4. Evaluation plan. Recall@10 is the primary retriever metric. MRR for multi-answer. Baseline first, incremental improvements measured against it.
Refuse to recommend dense-only for corpora with named entities, error codes, or product SKUs unless the user has evidence dense handles exact matches. Refuse to skip reranking for high-stakes retrieval (legal, medical) where the final top-5 decides the user's answer.
Exercises
- Easy. Implement
hybrid_searchabove on a 500-document corpus. Test 20 queries. Compare recall at 5 between BM25-only, dense-only, and hybrid. - Medium. Add MRR calculation. For each test query with a known correct document, find the rank of the correct doc in BM25, dense, and hybrid rankings. Report the MRR for each.

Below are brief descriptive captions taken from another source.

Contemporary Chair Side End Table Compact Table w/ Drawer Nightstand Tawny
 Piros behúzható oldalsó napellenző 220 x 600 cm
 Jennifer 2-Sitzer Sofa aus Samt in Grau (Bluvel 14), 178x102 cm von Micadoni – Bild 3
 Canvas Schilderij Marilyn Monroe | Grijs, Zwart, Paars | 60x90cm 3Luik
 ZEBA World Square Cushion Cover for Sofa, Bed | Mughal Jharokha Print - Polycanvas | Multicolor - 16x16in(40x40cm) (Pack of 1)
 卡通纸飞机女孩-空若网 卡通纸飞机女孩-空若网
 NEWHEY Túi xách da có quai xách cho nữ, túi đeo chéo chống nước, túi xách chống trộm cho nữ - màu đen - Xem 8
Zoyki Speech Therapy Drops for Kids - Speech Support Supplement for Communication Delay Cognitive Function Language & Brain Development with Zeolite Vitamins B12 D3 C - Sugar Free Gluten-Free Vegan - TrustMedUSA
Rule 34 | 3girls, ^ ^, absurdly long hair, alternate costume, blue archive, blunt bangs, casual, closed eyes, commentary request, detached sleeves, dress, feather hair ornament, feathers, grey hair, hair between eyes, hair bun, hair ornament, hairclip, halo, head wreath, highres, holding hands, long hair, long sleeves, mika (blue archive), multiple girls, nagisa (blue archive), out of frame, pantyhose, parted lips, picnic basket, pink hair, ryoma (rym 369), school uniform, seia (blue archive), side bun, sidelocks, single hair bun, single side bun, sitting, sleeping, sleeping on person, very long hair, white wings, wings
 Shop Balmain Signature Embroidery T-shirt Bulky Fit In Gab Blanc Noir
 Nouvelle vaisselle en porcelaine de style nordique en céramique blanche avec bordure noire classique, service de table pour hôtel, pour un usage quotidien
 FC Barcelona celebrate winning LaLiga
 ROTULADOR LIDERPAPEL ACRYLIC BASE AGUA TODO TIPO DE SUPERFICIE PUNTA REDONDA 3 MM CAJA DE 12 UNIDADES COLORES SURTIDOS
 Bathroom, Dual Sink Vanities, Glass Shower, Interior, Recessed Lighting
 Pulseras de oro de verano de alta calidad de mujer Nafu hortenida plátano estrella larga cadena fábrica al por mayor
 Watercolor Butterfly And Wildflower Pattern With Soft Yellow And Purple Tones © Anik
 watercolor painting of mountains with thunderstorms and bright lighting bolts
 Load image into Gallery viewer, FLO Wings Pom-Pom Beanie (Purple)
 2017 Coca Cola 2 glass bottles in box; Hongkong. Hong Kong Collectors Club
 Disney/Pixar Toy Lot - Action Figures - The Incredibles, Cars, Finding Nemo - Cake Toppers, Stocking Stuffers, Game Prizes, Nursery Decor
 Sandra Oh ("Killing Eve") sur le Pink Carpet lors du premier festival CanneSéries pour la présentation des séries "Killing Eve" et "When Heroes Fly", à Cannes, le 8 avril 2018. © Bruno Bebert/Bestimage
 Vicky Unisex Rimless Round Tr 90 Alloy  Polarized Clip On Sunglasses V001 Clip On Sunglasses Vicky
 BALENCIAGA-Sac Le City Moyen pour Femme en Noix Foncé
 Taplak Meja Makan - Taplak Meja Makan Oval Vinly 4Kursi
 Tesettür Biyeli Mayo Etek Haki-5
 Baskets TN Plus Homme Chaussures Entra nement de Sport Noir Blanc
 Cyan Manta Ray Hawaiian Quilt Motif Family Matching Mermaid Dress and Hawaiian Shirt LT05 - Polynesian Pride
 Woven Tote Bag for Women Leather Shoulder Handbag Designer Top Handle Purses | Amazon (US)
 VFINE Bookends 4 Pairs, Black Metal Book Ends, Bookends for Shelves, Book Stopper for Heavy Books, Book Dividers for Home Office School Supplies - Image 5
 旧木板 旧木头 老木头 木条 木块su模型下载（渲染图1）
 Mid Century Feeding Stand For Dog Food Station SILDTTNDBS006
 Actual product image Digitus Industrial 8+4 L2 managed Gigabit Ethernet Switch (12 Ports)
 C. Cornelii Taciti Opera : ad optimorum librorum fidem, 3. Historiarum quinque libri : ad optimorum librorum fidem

- Hard. Fine-tune a dense encoder on your domain using MultipleNegativesRankingLoss (Sentence Transformers). Build a training set from 500 query-document pairs. Compare pre- and post-fine-tune recall.
Key Terms
| Term | What people say | What it actually means |
|---|---|---|
| BM25 | Keyword search | Okapi BM25. Scores documents by term frequency, IDF, and length. |
| Dense retrieval | Vector search | Encode query + doc into vectors, find nearest neighbors. |
| Bi-encoder | Embedding model | Encodes query and doc independently. Fast at query time. |
| Cross-encoder | Reranker model | Encodes query + doc together. Slow but accurate. |
| RRF | Rank fusion | Combine two rankings by summing 1/(k + rank). |
| Recall@k | Retrieval metric | Fraction of queries where a relevant doc is in the top-k. |
Further Reading
- Robertson and Zaragoza (2009). The Probabilistic Relevance Framework: BM25 and Beyond — the definitive BM25 treatment.
- Karpukhin et al. (2020). Dense Passage Retrieval for Open-Domain QA — DPR, the canonical bi-encoder.
- Formal et al. (2021). SPLADE: Sparse Lexical and Expansion Model — the learned-sparse retriever that closes the gap with dense.
- Cormack, Clarke, Büttcher (2009). Reciprocal Rank Fusion outperforms Condorcet and individual Rank Learning Methods — RRF paper.
- Khattab and Zaharia (2020). ColBERT: Efficient and Effective Passage Search — late-interaction retrieval.